What we found surprising in the process of implementing CRT so far is the willingness of our interviewees to extensively share their experience, but at the same time, that many of their actions were not motivated by an organisational mission. Not surprising, however, is that peer-to-peer relationships managed to make cooperation for coordinated responses possible, rather than formal institutional partnerships or top-down directives.

One key element of design for CRT that works wonders in navigating much of the noise and myriad of opinions that dominate both our local and global reality of extreme uncertainty, is that we openly published in all CRT communication materials how we define the success of the project, thus setting its limits in terms of scope and outreach.
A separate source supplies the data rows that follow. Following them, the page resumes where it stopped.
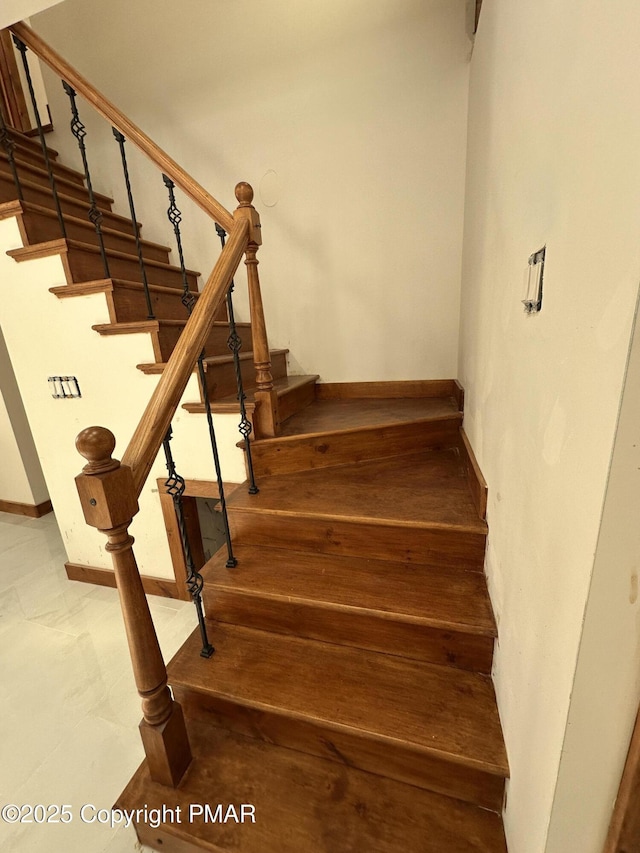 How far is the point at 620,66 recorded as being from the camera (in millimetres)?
395

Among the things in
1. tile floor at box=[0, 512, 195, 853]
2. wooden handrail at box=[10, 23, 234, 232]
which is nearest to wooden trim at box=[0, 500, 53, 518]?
tile floor at box=[0, 512, 195, 853]

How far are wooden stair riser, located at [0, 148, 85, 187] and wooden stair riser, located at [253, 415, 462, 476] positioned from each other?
2050mm

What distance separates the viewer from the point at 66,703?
1480 mm

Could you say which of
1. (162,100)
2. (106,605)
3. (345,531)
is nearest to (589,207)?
(345,531)

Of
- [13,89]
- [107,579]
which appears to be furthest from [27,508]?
[13,89]

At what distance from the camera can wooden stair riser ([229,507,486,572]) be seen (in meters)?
1.20

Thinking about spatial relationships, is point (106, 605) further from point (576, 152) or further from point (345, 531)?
point (576, 152)

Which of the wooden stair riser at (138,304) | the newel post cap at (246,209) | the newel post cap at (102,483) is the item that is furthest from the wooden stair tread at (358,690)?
the newel post cap at (246,209)

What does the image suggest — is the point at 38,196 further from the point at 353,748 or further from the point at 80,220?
the point at 353,748

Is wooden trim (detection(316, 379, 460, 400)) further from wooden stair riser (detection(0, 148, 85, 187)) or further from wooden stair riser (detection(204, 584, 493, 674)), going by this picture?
wooden stair riser (detection(0, 148, 85, 187))

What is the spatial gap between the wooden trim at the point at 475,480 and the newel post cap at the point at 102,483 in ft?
3.33

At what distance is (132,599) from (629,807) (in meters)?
0.98

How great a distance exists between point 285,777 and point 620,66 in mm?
1548

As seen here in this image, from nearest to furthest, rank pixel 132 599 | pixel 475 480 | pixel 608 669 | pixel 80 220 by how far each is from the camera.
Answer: pixel 608 669 → pixel 132 599 → pixel 475 480 → pixel 80 220
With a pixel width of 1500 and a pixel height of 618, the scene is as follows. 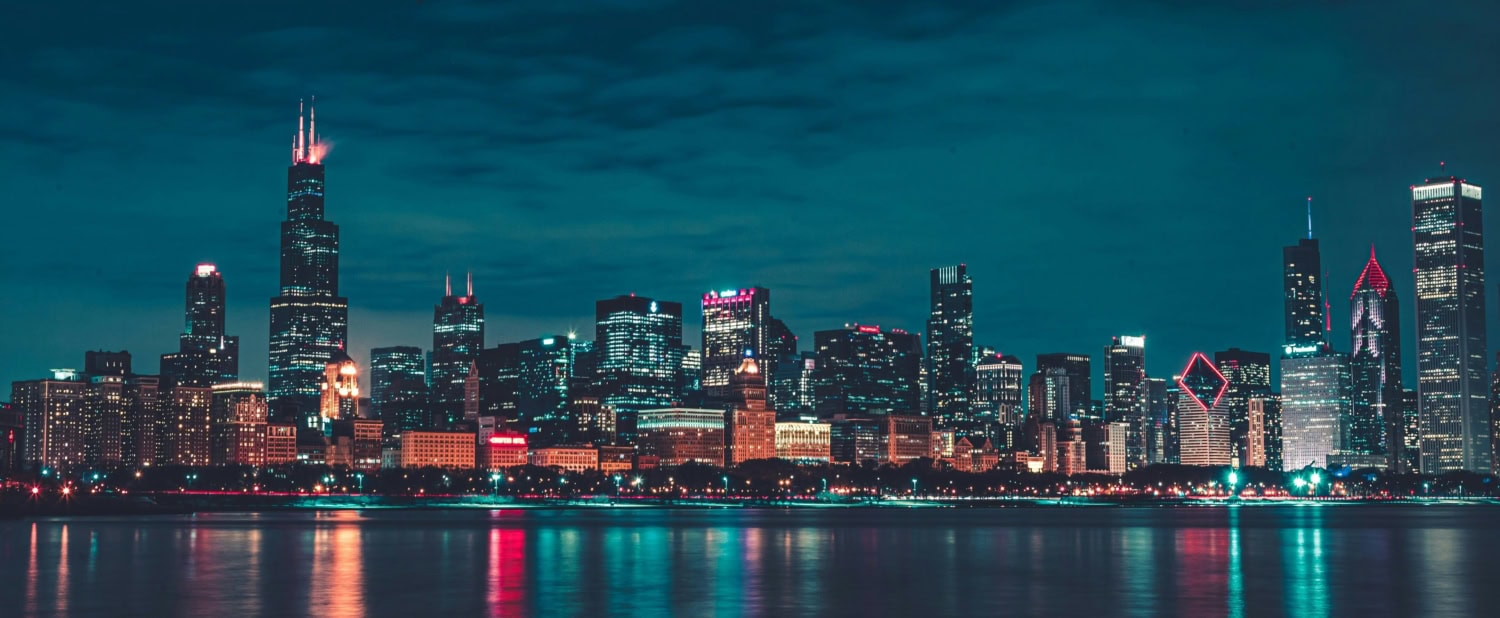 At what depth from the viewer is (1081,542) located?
113 meters

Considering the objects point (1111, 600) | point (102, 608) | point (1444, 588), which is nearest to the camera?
point (102, 608)

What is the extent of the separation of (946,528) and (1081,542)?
35.9 meters

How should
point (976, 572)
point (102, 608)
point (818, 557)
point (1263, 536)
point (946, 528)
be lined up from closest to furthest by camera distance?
point (102, 608) < point (976, 572) < point (818, 557) < point (1263, 536) < point (946, 528)

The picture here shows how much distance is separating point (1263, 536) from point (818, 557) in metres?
51.1

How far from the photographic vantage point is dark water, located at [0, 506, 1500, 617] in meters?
58.1

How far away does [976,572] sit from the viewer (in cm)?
7775

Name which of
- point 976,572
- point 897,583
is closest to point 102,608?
point 897,583

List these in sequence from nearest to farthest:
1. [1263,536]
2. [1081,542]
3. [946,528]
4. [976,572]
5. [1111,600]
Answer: [1111,600] < [976,572] < [1081,542] < [1263,536] < [946,528]

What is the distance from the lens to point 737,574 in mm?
75562

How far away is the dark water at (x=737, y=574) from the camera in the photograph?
58.1 m

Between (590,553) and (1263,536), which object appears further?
(1263,536)

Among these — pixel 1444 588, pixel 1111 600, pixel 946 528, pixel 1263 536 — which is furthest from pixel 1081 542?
pixel 1111 600

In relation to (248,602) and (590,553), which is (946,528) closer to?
(590,553)

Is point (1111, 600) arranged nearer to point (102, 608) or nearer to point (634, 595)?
point (634, 595) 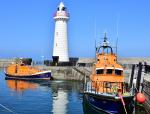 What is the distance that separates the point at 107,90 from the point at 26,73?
45325 mm

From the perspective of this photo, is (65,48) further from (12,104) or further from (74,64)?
(12,104)

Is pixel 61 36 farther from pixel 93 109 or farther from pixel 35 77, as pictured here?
pixel 93 109

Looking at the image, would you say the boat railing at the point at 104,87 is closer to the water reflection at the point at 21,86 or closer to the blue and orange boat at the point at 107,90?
the blue and orange boat at the point at 107,90

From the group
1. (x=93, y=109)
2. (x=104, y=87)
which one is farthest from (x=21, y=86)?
(x=93, y=109)

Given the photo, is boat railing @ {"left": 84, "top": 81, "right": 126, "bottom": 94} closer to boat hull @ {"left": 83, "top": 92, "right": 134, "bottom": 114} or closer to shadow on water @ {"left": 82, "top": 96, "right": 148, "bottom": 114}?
boat hull @ {"left": 83, "top": 92, "right": 134, "bottom": 114}

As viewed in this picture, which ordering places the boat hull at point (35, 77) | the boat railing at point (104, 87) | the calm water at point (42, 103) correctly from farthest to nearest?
the boat hull at point (35, 77)
the calm water at point (42, 103)
the boat railing at point (104, 87)

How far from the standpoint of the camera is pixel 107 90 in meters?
31.7

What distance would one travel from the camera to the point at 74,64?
3211 inches

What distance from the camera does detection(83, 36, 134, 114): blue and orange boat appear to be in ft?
94.2

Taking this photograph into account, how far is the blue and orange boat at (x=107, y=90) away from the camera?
2872cm

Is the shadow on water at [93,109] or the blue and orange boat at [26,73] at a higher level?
the blue and orange boat at [26,73]

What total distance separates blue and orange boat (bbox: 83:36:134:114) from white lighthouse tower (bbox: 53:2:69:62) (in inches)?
1547

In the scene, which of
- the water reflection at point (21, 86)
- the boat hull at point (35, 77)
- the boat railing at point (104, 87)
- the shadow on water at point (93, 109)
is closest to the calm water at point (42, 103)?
the shadow on water at point (93, 109)

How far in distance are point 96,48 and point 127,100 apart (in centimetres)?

CRT is initiated by the Cluj-Napoca Urban Innovation Unit (UIU) (EN/RO), in cooperation with the Interdisciplinary Centre for Data Science, Babeș-Bolyai University. UIU is an initiative of the Cluj Cultural Centre, started in 2017 in partnership with the Center for Innovation and Civic Imagination of the Municipality of Cluj-Napoca.

About the author

Anamaria Vrabie

Anamaria Vrabie is the director and co-designer of Cluj-Napoca Urban Innovation Unit. A native of Bucharest, she has set up and created new modes of action for delivering municipal innovation and has produced work for a range of organizations including the World Bank, the Urban Development Network and the URBACT and Urban Innovative Actions EU programmes. Although her urban studies alma mater is The New School New York, she was grateful to discover the thoughtful and bold RUPS community once she relocated back to Europe.

Nancy Holman

Dr Nancy Holman is one of the programme officers for LSE London. She is currently an Associate Professor of Urban Planning and the Director of the MSc in Regional and Urban Planning Studies at the London School of Economics and Political Science.